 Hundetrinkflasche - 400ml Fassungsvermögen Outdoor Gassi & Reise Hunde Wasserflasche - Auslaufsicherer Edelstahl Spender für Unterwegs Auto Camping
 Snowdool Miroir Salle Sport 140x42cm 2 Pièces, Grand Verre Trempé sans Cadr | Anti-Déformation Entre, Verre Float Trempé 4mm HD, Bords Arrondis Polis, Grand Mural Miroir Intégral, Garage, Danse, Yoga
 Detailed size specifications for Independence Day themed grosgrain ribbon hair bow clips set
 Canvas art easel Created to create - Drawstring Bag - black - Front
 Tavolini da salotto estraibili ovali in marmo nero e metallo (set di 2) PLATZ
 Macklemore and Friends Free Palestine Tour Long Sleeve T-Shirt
--
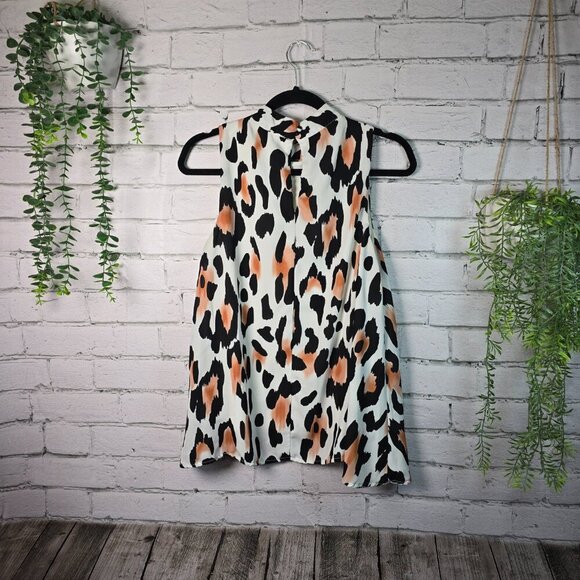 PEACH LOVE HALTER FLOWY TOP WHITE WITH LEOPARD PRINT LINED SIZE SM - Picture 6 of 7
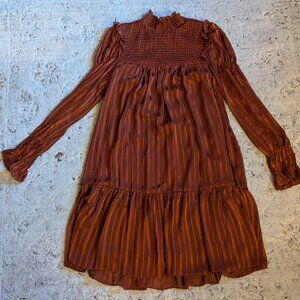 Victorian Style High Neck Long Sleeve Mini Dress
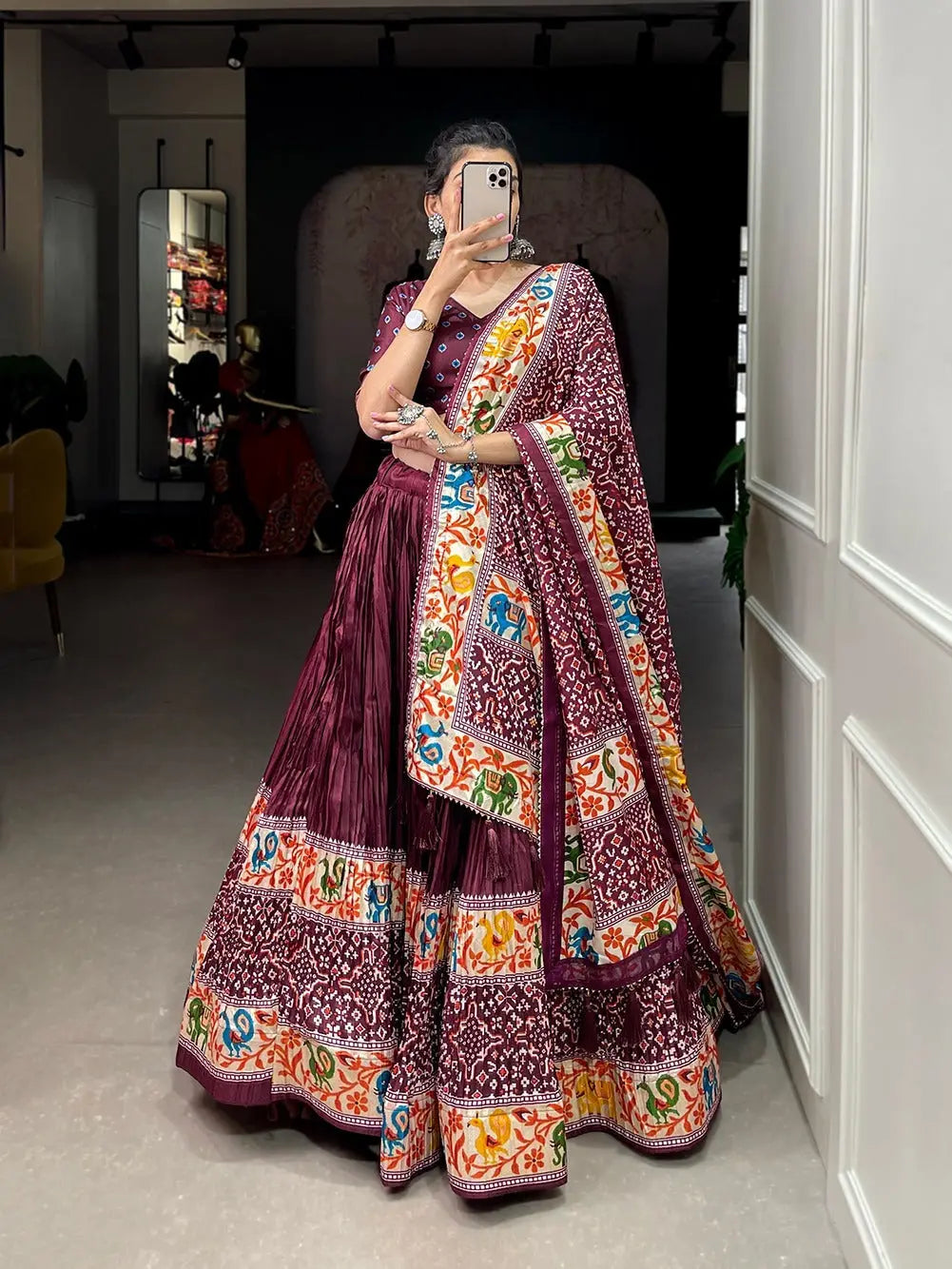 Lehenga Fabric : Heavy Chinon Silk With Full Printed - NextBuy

» **Required action**: From the records above, give again only the part that opens with the line containing "Victorian Style High" and closes with the line containing "Lehenga Fabric : Heavy". Keep both ends but drop the pictures.

» **Task answer**:
 Victorian Style High Neck Long Sleeve Mini Dress
 Lehenga Fabric : Heavy Chinon Silk With Full Printed - NextBuy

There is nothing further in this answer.